Did a similar thing in C++ way back when; routing short sentence fragments (questions in a bank website search box to the correct FAQs). One of the things we quickly discovered was how hard it is to separate Spanish (Castilian) from Catalan (and to less extent Bask). Similarly for Mandarin versus Cantonese.

At first we suspected that low precision could be attributed to the fact that users would typically only type short 2-5 word sentences (think Google searches). We later discovered talking to Barcelonean linguists (and Chinese native speakers) that another major factor is that so many words, idiom and even grammar is borrowed that it's hard to discern pure "uncontaminated" training / testing corpus to start with.

alexott · on May 19, 2023

Yes from my previous experience there were common language pairs, especially on the short texts - Spanish / Catalan, often German / Dutch, Bulgarian / Ukrainian, Dutch / Afrikaans, and few more…

allan_s · on May 19, 2023

shameless plug

for Tatoeba.org I used to code "tatodetect" to do this, https://github.com/allan-simon/Tatodetect

it's was my first enlighting that with simple math and stats you can achieve pretty good result without ressorting to "machine learning"

basically the idea was

1. use tatoeba to generate the trigram count 2. remove low frequency trigram 3. apply a bonus score for "uniq" trigram that appears in other languages (it helped to differentiate very similar languages like spanish/french or Chinese dialects)

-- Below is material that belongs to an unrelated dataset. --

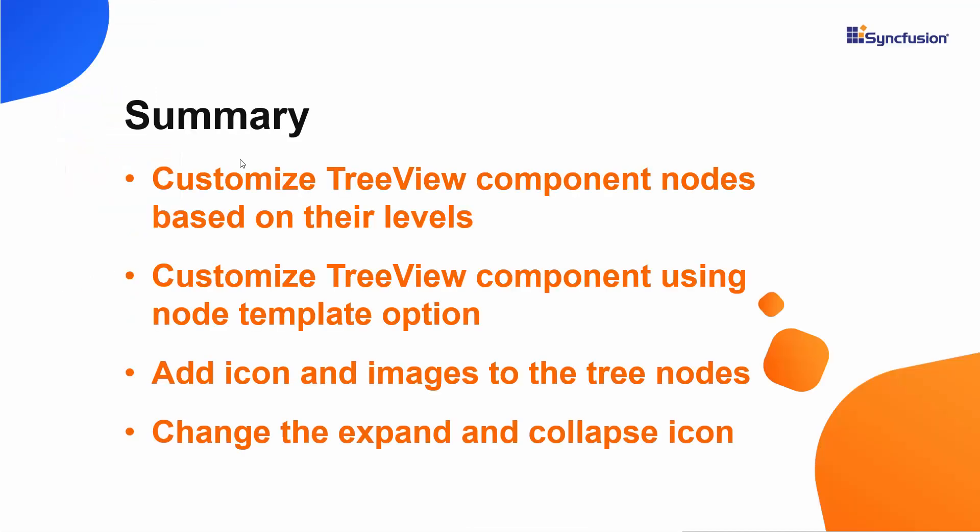In this video, we have seen how to customize the Syncfusion React TreeView component using the node template option. We saw how to change the expand and collapse icons and customize the TreeView nodes based on their levels.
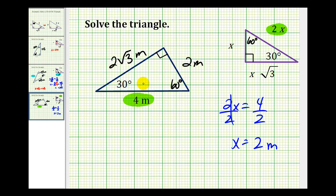The key to these types of problems is taking the given information and setting up an equation to solve for x. And then once we have x, we can determine the length of the remaining sides.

then you simply sum the trigram with their frequency ponderation and voilà

Tatodetect should differentiate 200+ languages and dialect, regarding of their script (alphabet, sinograms etc. )

francoismassot · on May 19, 2023

This blog post introduces the algorithm behind: https://quickwit.io/blog/whichlang-language-detection-librar...

alexott · on May 19, 2023

Looking into generated ngrams, I’m not sure that it’s good idea of getting rid of spaces between words, and not having markers for begin/end of word.

It would be interesting to check on the dataset linked to this blog post from 6 years ago, evaluating fasttext model for language detection: https://alexott.blogspot.com/2017/10/evaluating-fasttexts-mo...

jszymborski · on May 19, 2023

I should probably bench this against fasttext, which has a pretty simple/fast/accurate lang detection model ootb.